Paweł Dzieżok chce być burmistrzem Kuźni Raciborskiej. Wyjawia nam swoje wizje i cele
Paweł Dzieżok, mieszkaniec Rud, ogłasza swoją kandydaturę na burmistrza Kuźni Raciborskiej, zobowiązując się do niezależnego i bezstronnego zarządzania, wolnego od wpływów partyjnych. Dołącza tym samym do Wojciecha Gdesza i Pawła Machy, tworząc trójkę kandydatów do kluczowej funkcji w gminie. - Nie podoba mi się kierunek, w jakim zmierza gmina, a jeśli coś ma się zmienić to trzeba wziąć sprawy we własne ręce - mówi. O plany kandydata KWW Jednym Głosem pyta Dawid Machecki.
- Dlaczego zdecydował się pan wystartować na burmistrza Kuźni Raciborskiej? Jak długo ta decyzja dojrzewała w panu?

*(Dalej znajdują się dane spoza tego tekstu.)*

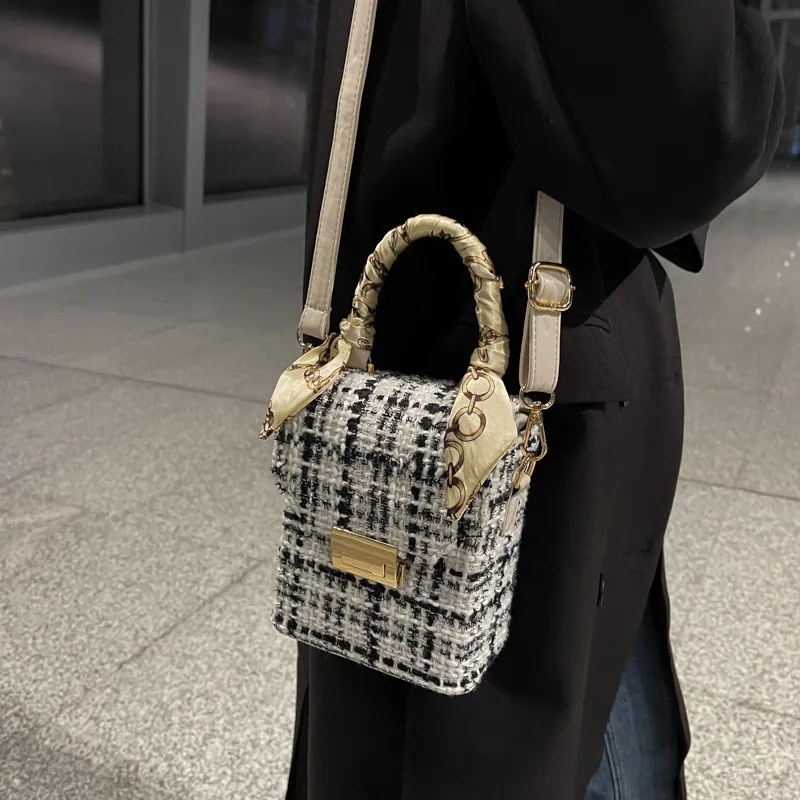 SWIMADE Woolen Shoulder Bag, Crossbody Bag, Handbag Women's Black/Khaki/Ecru-17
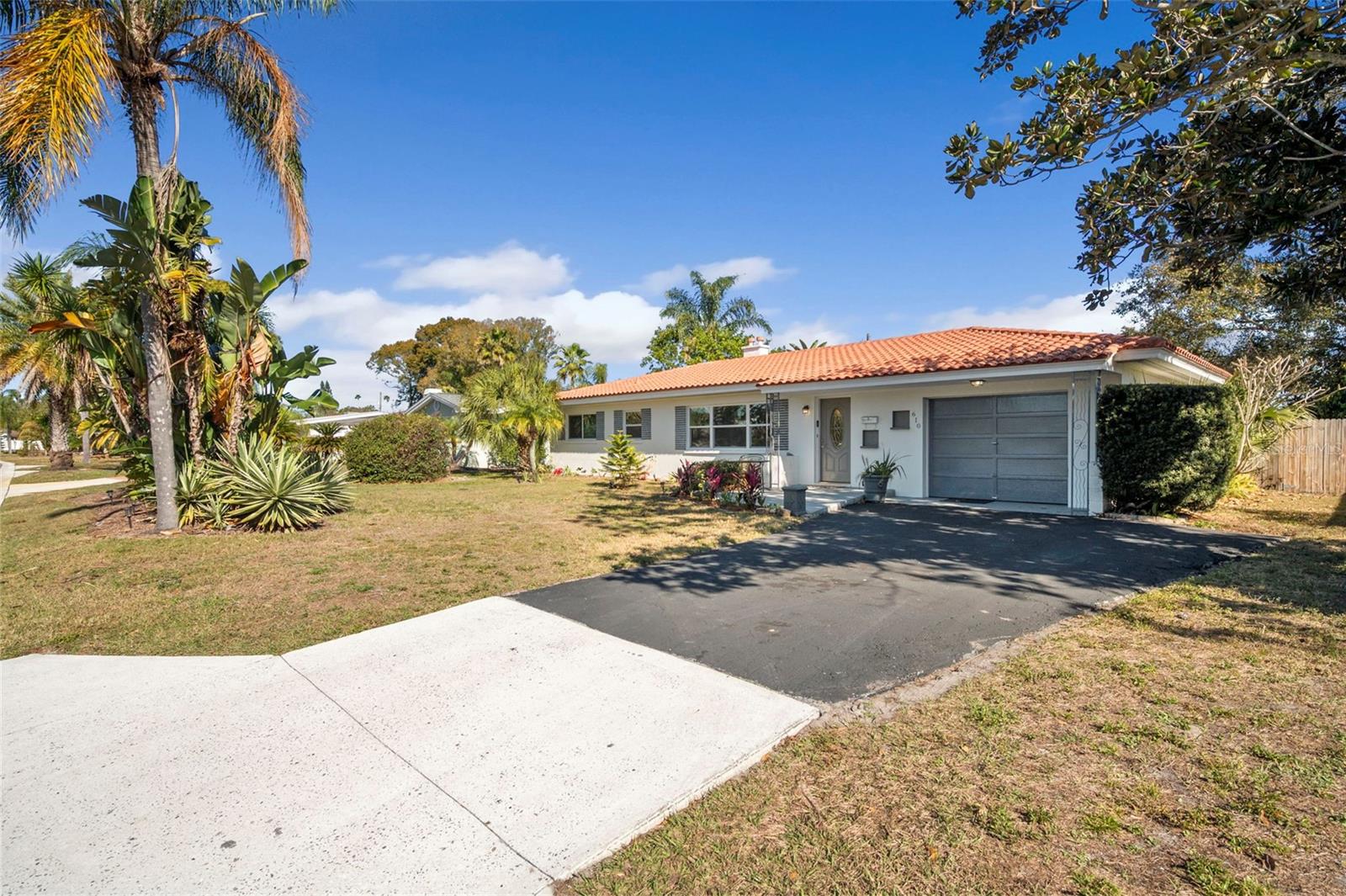610 Palm Ave photo 1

- Decyzja o starcie dojrzewała we mnie od ponad roku kiedy to zdecydowaliśmy się na budowanie komitetu, a wzięła się z chęci do działania. Nie podoba mi się kierunek, w jakim zmierza gmina, a jeśli coś ma się zmienić, to trzeba wziąć sprawy we własne ręce. Nadszedł czas, aby raz na zawsze zakończyć różnice pomiędzy tym, co dzieje się „za” i przed” lasem. Jesteśmy cudowną gminą. Mamy niesamowite możliwości: zarówno strefę przemysłową w mieście, obszary turystyczne w sołectwach, kolejkę wąskotorową w Rudach, opactwo cysterskie, pływadło w Turzu, łowisko w Budziskach oraz wspaniałych mieszkańców, którzy tworzą naszą małą ojczyznę.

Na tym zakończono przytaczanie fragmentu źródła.